#### Exercise details
After finding the line that contains "شومیز گلدوزی پولک", give again that line and each one following it, exactly, until the records end.

#### Task data
[Start of section]
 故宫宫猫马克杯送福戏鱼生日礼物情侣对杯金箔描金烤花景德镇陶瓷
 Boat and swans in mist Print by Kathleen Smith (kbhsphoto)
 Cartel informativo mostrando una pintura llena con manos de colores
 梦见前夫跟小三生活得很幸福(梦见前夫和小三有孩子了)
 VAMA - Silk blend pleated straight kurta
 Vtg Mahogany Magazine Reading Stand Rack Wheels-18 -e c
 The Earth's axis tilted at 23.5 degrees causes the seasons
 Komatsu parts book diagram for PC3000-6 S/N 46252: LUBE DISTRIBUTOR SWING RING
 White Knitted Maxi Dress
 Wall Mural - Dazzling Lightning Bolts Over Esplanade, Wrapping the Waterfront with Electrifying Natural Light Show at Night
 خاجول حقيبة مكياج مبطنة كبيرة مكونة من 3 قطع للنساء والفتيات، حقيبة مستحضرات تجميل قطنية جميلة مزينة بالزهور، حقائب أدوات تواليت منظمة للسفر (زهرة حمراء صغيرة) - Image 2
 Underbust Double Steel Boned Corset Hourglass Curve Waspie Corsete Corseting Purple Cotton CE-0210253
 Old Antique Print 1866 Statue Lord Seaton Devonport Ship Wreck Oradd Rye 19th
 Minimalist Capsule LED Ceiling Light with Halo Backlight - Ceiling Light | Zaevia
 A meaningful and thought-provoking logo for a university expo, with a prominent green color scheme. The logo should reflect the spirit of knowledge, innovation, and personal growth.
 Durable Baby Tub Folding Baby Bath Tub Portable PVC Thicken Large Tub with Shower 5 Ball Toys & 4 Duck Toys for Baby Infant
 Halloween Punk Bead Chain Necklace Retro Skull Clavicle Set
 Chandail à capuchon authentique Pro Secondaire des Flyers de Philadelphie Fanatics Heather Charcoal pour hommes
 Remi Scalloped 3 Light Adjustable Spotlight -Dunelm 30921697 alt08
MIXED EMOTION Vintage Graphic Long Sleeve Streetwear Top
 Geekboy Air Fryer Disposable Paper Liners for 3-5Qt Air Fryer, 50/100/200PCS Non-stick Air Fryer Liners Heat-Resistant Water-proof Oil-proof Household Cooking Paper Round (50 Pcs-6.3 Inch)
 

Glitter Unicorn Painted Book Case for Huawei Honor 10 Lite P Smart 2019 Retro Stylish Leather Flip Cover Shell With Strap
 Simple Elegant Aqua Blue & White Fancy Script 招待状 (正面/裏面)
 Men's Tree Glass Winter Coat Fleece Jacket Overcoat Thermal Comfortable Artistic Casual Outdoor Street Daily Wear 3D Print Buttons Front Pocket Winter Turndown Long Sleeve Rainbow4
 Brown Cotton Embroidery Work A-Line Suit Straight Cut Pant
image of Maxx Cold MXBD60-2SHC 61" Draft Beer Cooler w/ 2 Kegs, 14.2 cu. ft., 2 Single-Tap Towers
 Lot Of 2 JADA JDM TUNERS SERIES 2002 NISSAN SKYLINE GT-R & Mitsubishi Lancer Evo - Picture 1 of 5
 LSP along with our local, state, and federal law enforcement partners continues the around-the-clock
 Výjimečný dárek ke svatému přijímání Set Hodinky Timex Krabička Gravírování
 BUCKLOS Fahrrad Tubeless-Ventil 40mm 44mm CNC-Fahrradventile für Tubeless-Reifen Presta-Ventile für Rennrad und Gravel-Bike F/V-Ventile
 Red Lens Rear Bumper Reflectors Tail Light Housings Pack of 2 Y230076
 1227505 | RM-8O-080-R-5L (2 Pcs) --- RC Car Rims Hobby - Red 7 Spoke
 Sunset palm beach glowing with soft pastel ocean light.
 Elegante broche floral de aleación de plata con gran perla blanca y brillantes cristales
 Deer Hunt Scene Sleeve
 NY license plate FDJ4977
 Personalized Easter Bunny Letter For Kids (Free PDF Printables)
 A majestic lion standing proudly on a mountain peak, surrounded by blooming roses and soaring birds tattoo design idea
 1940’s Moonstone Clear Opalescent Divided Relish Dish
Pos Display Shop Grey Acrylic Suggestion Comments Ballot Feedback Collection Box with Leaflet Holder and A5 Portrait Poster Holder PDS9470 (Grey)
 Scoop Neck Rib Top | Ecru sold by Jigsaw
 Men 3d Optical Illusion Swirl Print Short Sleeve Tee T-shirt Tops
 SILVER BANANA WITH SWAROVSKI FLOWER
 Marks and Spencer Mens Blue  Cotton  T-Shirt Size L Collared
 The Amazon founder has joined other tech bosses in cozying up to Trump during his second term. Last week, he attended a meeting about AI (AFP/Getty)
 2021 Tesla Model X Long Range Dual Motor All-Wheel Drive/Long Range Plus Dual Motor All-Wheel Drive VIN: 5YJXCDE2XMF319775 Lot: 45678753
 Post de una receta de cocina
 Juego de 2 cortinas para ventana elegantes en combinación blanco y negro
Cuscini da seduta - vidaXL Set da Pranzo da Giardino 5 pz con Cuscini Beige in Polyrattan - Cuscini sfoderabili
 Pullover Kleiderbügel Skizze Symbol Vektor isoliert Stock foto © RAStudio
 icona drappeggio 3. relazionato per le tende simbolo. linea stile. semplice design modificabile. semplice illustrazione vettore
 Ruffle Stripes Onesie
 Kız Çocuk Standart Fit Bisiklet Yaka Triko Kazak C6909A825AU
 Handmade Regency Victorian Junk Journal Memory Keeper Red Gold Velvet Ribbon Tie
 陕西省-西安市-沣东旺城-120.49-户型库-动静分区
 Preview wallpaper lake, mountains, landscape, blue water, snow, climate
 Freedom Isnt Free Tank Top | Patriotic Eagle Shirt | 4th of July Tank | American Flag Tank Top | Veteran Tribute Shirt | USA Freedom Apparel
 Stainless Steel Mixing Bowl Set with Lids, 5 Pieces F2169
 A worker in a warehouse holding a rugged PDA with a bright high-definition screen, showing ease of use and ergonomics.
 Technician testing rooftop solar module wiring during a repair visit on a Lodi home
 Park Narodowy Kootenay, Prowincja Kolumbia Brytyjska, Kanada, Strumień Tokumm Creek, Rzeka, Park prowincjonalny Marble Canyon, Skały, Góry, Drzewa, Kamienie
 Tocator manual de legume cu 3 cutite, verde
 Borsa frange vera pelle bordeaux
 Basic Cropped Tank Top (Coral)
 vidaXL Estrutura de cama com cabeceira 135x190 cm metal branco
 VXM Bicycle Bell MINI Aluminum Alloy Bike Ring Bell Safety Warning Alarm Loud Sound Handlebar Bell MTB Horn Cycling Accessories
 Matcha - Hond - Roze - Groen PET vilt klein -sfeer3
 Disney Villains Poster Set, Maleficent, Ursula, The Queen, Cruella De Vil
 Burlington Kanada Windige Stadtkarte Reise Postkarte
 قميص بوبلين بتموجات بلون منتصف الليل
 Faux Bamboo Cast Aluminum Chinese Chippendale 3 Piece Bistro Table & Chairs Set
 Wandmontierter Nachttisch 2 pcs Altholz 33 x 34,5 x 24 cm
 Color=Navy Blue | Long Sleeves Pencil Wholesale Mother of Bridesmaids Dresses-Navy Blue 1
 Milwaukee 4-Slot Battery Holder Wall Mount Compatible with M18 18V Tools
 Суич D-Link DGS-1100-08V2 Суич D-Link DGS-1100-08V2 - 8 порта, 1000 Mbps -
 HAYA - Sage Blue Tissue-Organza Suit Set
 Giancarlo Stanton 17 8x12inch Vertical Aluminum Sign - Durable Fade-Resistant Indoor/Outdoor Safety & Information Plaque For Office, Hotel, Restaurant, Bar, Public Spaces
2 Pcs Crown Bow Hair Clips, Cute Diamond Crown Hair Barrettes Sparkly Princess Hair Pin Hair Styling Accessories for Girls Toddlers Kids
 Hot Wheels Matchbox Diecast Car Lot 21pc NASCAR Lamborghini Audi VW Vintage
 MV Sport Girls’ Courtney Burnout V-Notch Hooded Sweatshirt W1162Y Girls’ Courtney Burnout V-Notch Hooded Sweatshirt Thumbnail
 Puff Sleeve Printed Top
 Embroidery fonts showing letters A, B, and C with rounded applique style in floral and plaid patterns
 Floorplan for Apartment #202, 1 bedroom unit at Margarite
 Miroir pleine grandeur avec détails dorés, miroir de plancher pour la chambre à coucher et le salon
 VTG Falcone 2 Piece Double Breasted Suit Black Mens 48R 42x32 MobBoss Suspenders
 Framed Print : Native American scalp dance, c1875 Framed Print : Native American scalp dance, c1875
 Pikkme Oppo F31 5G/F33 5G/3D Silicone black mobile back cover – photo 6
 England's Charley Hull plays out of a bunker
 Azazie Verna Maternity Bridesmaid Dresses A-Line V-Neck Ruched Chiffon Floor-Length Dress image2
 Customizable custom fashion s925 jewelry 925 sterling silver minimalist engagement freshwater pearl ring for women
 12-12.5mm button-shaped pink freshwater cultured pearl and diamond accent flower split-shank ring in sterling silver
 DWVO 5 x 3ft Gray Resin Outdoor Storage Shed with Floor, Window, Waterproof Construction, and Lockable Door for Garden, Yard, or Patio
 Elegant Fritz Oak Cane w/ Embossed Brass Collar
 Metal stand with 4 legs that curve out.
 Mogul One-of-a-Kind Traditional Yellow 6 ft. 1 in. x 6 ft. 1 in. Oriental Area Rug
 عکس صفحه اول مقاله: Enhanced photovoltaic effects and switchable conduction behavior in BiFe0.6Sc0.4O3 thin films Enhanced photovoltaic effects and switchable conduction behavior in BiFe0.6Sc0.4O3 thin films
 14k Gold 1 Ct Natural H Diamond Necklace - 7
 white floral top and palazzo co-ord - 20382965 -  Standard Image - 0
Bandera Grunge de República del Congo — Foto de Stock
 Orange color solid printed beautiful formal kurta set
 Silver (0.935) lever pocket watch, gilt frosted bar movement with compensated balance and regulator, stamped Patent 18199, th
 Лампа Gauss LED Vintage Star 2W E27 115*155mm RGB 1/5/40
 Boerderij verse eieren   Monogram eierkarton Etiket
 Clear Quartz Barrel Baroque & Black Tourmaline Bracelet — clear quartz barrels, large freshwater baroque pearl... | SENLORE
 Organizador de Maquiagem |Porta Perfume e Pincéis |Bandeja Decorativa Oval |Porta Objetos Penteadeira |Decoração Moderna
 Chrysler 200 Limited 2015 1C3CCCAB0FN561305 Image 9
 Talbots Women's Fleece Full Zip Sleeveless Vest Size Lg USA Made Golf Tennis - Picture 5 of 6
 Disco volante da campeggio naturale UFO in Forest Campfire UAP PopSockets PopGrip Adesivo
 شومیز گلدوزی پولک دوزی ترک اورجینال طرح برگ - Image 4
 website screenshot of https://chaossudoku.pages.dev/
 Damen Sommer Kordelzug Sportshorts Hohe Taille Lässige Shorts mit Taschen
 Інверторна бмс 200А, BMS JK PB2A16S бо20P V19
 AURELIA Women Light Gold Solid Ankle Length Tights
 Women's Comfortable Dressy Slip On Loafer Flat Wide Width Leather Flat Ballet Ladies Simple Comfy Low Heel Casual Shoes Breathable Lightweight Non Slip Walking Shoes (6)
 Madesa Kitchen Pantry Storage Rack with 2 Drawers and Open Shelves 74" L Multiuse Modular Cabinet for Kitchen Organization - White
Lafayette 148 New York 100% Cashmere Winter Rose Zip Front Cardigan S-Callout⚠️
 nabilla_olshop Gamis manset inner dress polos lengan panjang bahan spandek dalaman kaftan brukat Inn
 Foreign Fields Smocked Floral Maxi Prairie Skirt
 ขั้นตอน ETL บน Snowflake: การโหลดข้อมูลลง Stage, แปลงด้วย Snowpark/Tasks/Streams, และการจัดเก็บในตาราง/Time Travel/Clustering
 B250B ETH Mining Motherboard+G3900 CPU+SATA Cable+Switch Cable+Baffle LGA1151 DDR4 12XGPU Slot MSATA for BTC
[End of section]
#### Reply
 شومیز گلدوزی پولک دوزی ترک اورجینال طرح برگ - Image 4
 website screenshot of https://chaossudoku.pages.dev/
 Damen Sommer Kordelzug Sportshorts Hohe Taille Lässige Shorts mit Taschen
 Інверторна бмс 200А, BMS JK PB2A16S бо20P V19
 AURELIA Women Light Gold Solid Ankle Length Tights
 Women's Comfortable Dressy Slip On Loafer Flat Wide Width Leather Flat Ballet Ladies Simple Comfy Low Heel Casual Shoes Breathable Lightweight Non Slip Walking Shoes (6)
 Madesa Kitchen Pantry Storage Rack with 2 Drawers and Open Shelves 74" L Multiuse Modular Cabinet for Kitchen Organization - White
Lafayette 148 New York 100% Cashmere Winter Rose Zip Front Cardigan S-Callout⚠️
 nabilla_olshop Gamis manset inner dress polos lengan panjang bahan spandek dalaman kaftan brukat Inn
 Foreign Fields Smocked Floral Maxi Prairie Skirt
 ขั้นตอน ETL บน Snowflake: การโหลดข้อมูลลง Stage, แปลงด้วย Snowpark/Tasks/Streams, และการจัดเก็บในตาราง/Time Travel/Clustering
 B250B ETH Mining Motherboard+G3900 CPU+SATA Cable+Switch Cable+Baffle LGA1151 DDR4 12XGPU Slot MSATA for BTC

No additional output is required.